My friend is the lifeboat that keeps these animals afloat; without her care and loving I shudder to think where they would be. Each one of them was rescued from a dead-end situation. I just want to say thanks for being my friend, and more importantly, for being their rescuer, you’re making the world a better place one paw at a time. It’s wonderful to have such a special friend.

Feb. 17th, 2009

Dennis, K1YPP

My Eulogy

I’m not going to live forever. Surprised? I hope not? I have some thoughts on what my self-delivered eulogy should say and I’m sharing them with you here today. I think it would be so appropriate if we could deliver our own eulogy, after all, who knows us better than ourselves? Of course we could record something and play it back, but that is so much like watching a re-run; I’d love to be able to do it “real-time!” Anyway, if I could talk to you from the other side, here is what I would say:

“I speculate the rumors of my death were not all that exaggerated this time? They had to get it right eventually. Hopefully I went quietly, I hate to think I made the front page of the National Enquirer: “Florida Man Killed Attempting Sex With 18 Foot Alligator…”

If I could sum my life up in a sentence it would read; “He lived for the moment, racing motorcycles, bicycles, hiking, a serious Ham Radio enthusiast, devoted Toastmaster, loved good food and helping others.” I tried to live by one rule; “Do unto others as you would have them do unto you.”

My family will go on. My family—that still sounds a bit odd to my ears. I never pictured myself married with a family. It is a concept that always seemed was for other people. I was never going to get married and in some ways, I never did. I’ve spent the majority of my life with my best friend, Jane. We have two wonderful kids and they’re merely an outgrowth of the love that the two of us have for each other.

We were never supposed to be able to have children and I had come to accept that. Then one night at our local Chinese restaurant I opened my fortune cookie and it said I would, "be expecting a bundle of joy in August.” Jane had planted it there with the staff and was beaming at me across the table.

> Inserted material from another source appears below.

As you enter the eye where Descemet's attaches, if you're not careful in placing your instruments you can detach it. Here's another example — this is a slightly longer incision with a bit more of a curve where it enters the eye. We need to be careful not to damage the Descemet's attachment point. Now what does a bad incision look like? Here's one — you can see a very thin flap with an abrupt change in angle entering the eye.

All these years later, she still beams. As we’ve grown together over the years we haven’t grown up. We seem to laugh more and suffer each other’s pranks more than ever; it’s what life is supposed to be. Years ago we made an agreement to love and cherish until death do we part; and that is what I’m addressing here; the “part” part.

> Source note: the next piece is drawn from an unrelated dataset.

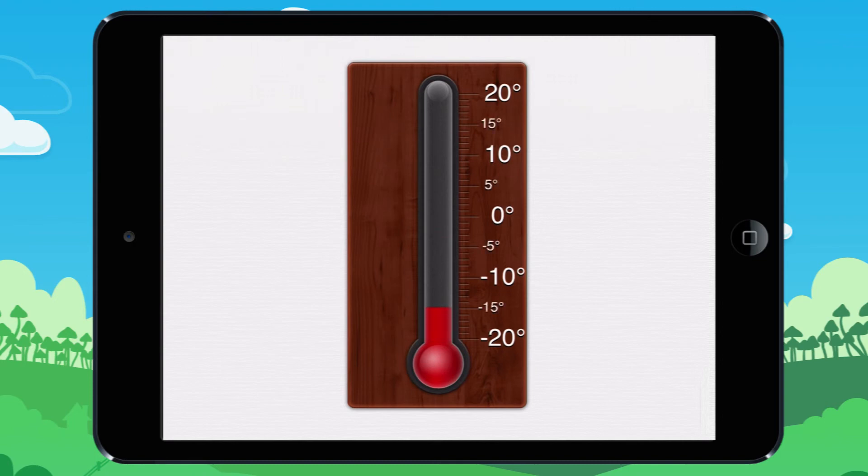Minus 15 degrees. Minus 5 degrees. 5 degrees. 15 degrees.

I can envision a scenario where Jane goes to the local paper to write my obituary. Jane is very efficient and economical. When the ad rep tells her the fee for a submitted obituary is $1.00 per word she’ll pause, reflect, and then say, "Well, then, let it read, 'Dennis Blanchard died.' " "Sorry, ma'am, replies the editor," but I'm afraid there's a seven-word minimum on all submitted obituaries."

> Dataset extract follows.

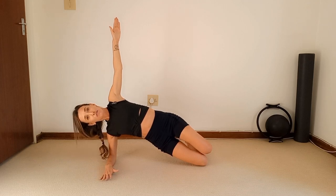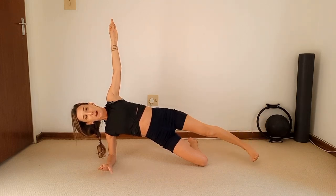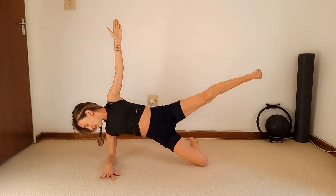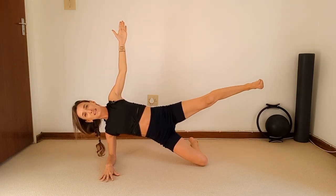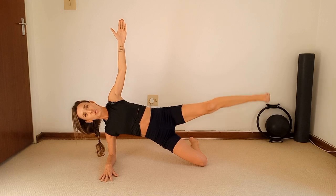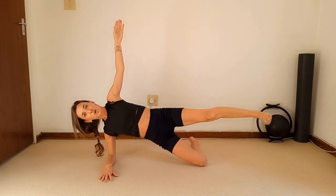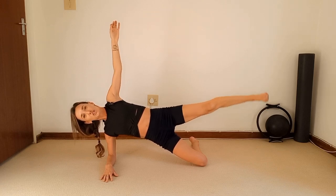Hold in your side plank and extend that top leg out, flex the foot. Lower that top leg and lift — one. Keep the foot parallel to the floor — two, brace your core — three, four. If your neck is hurting, just gaze down at the elbow. Keep breathing — four more, two more. Hold. Now little circles with that top leg — five, four, three, two, one. Change direction — five, four, three, two, one.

Flustered, Jane thinks for a minute and then instructs the ad rep to write, "Dennis Blanchard died. Selling Ham Radio station..."

I want everyone to know that I never died — rather, I lived! Dying wasn’t a particularly frightening notion for me, its part of living and have I lived! Sometimes I’ve pondered: given the choice would I like to win a big lottery jackpot, or live life over…without a doubt I would do it again, it has been one hell of a ride! Money could never buy my wealth — memories of travels, accomplishments, failures, kids and the love of my life, there is no purchase of that; it is earned.

This is not a time for despair, this is a time for fond memories, stories about all the good times and food, yes, food! This is a celebration of a life and I loved any celebration that involved food. Good food is good comfort and that’s what is needed now. Put away the hankies grab a knife and fork and live for the moment; that would the best tribute I can think of.